• Input data
━━━━━━━━

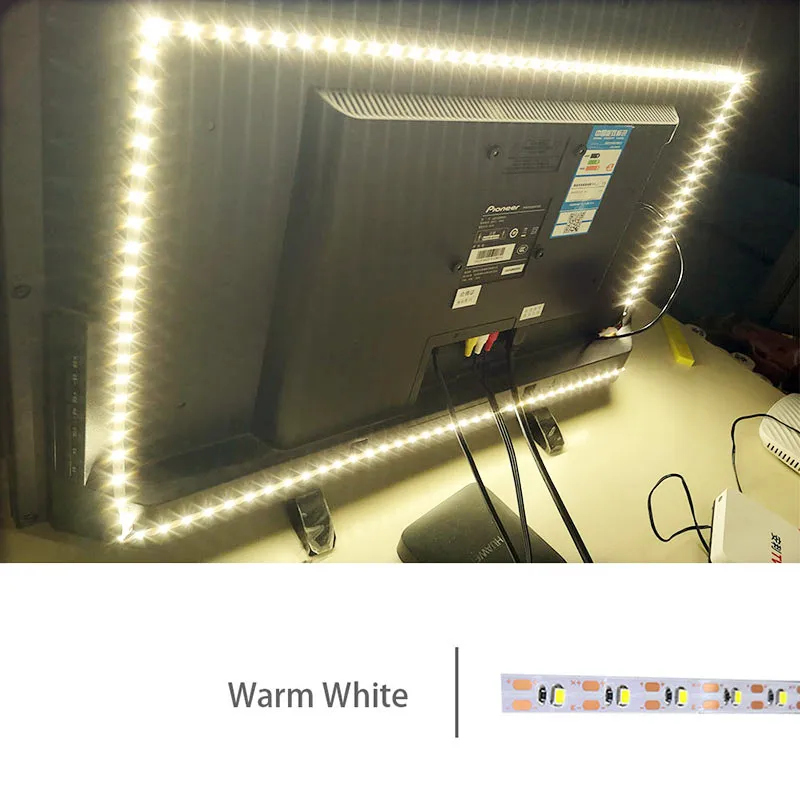 5 В USB Светодиодная лента светильник 3528 RGB с дистанционным управлением гибкий светодиодный светильник лента 0,5 м 1 м 2 м 3 м 4 м 5 м ТВ подсветка теплый белый
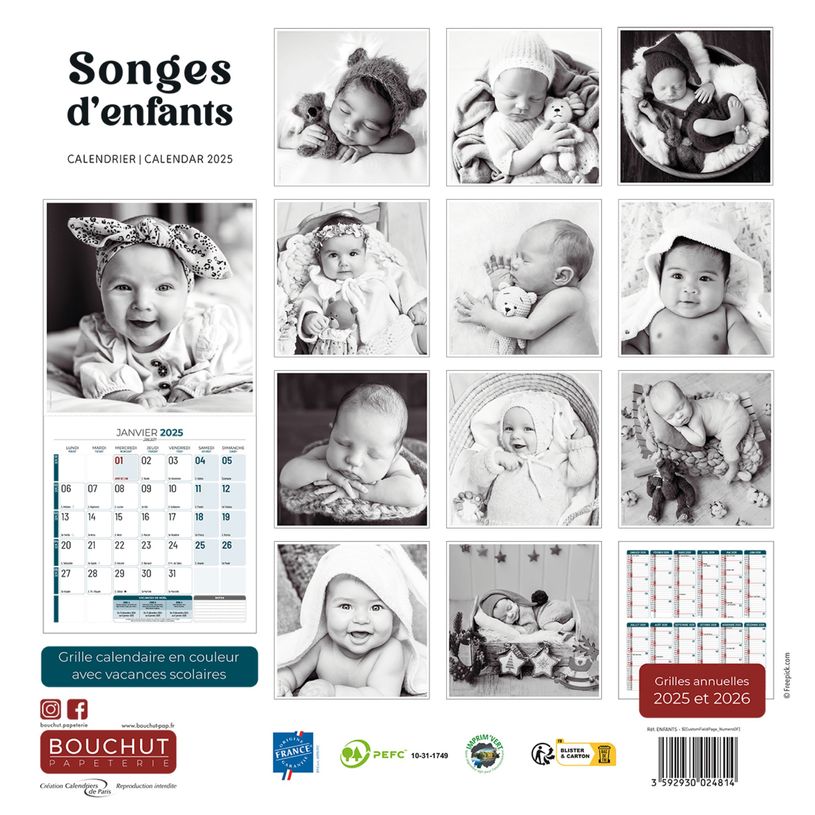 3592930027105-Calendrier illustré BOUCHUT 30 x 30 cm BABY LOVE 70 %-P_77032696_15-2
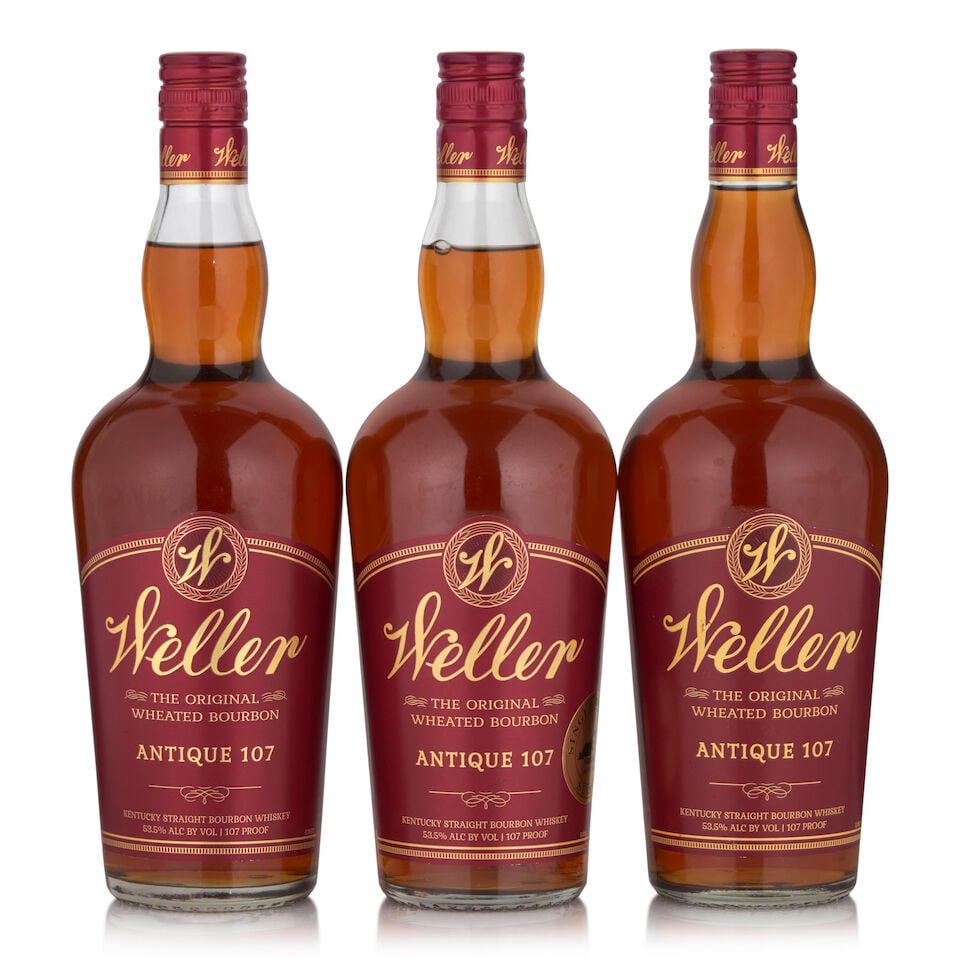 Weller Antique 107 (3 bottles, 750ml): Weller Antique 107 (3 bottles, 750ml) Region: Kentucky Alcohol content: 53.5% Notes: official bottling Footnotes: United States, Bourbon Lot to be sold without reserve. This lot is subject to the foll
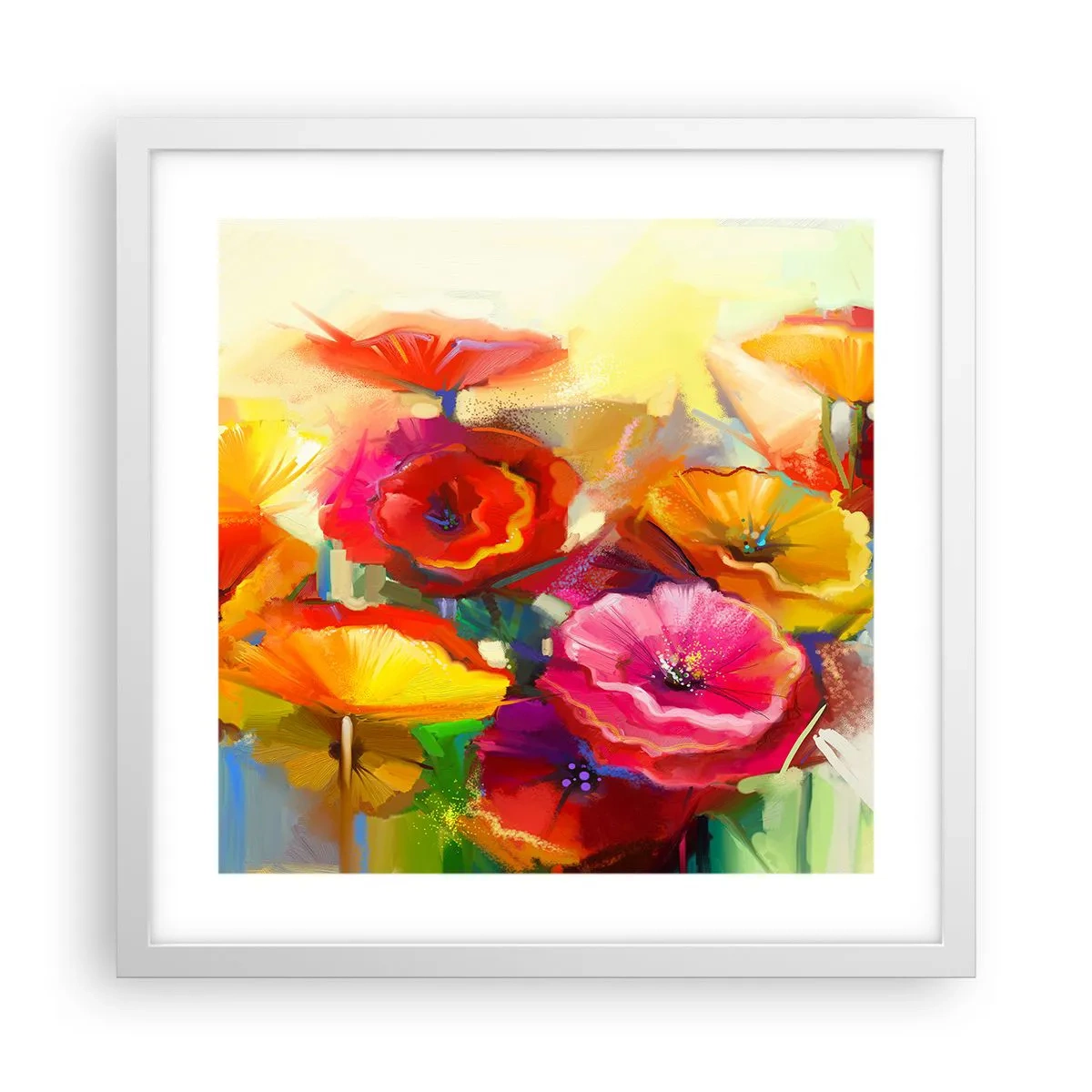 Poster in een witte lijst - Niet alleen rood - 40x40 cm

━━━━━━━━

• Task requirements
A word-for-word restatement of all the lines above is needed, with the pictures omitted.

• Expected answer
 5 В USB Светодиодная лента светильник 3528 RGB с дистанционным управлением гибкий светодиодный светильник лента 0,5 м 1 м 2 м 3 м 4 м 5 м ТВ подсветка теплый белый
 3592930027105-Calendrier illustré BOUCHUT 30 x 30 cm BABY LOVE 70 %-P_77032696_15-2
 Weller Antique 107 (3 bottles, 750ml): Weller Antique 107 (3 bottles, 750ml) Region: Kentucky Alcohol content: 53.5% Notes: official bottling Footnotes: United States, Bourbon Lot to be sold without reserve. This lot is subject to the foll
 Poster in een witte lijst - Niet alleen rood - 40x40 cm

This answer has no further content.